__AIM OF THE TASK__:
The lines needed are those from the start of the records through the line holding "A person is", each copied exactly.

• • • •

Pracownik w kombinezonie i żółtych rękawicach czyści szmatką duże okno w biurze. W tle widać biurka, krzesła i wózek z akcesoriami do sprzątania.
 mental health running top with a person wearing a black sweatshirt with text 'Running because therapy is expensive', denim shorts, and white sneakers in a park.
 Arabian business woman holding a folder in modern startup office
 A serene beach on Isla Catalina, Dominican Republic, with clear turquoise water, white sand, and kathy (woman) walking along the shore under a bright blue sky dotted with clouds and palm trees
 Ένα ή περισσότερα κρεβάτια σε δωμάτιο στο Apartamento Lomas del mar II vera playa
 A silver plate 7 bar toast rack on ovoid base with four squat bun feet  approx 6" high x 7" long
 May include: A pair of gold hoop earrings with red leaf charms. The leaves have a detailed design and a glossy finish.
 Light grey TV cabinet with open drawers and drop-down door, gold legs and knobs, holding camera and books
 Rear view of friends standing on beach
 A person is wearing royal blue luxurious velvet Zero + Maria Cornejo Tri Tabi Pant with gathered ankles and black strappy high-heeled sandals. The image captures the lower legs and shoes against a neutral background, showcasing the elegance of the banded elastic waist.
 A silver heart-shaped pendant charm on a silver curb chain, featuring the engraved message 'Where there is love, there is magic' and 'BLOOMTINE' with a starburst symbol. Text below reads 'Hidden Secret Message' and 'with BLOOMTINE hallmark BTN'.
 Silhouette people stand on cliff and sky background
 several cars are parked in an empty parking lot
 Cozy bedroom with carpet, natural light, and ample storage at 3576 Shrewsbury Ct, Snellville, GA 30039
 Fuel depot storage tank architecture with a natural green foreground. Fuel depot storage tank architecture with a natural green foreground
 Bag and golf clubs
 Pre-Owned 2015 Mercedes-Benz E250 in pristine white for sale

• • • •

__SOLUTION TO THE EXERCISE__:
Pracownik w kombinezonie i żółtych rękawicach czyści szmatką duże okno w biurze. W tle widać biurka, krzesła i wózek z akcesoriami do sprzątania.
 mental health running top with a person wearing a black sweatshirt with text 'Running because therapy is expensive', denim shorts, and white sneakers in a park.
 Arabian business woman holding a folder in modern startup office
 A serene beach on Isla Catalina, Dominican Republic, with clear turquoise water, white sand, and kathy (woman) walking along the shore under a bright blue sky dotted with clouds and palm trees
 Ένα ή περισσότερα κρεβάτια σε δωμάτιο στο Apartamento Lomas del mar II vera playa
 A silver plate 7 bar toast rack on ovoid base with four squat bun feet  approx 6" high x 7" long
 May include: A pair of gold hoop earrings with red leaf charms. The leaves have a detailed design and a glossy finish.
 Light grey TV cabinet with open drawers and drop-down door, gold legs and knobs, holding camera and books
 Rear view of friends standing on beach
 A person is wearing royal blue luxurious velvet Zero + Maria Cornejo Tri Tabi Pant with gathered ankles and black strappy high-heeled sandals. The image captures the lower legs and shoes against a neutral background, showcasing the elegance of the banded elastic waist.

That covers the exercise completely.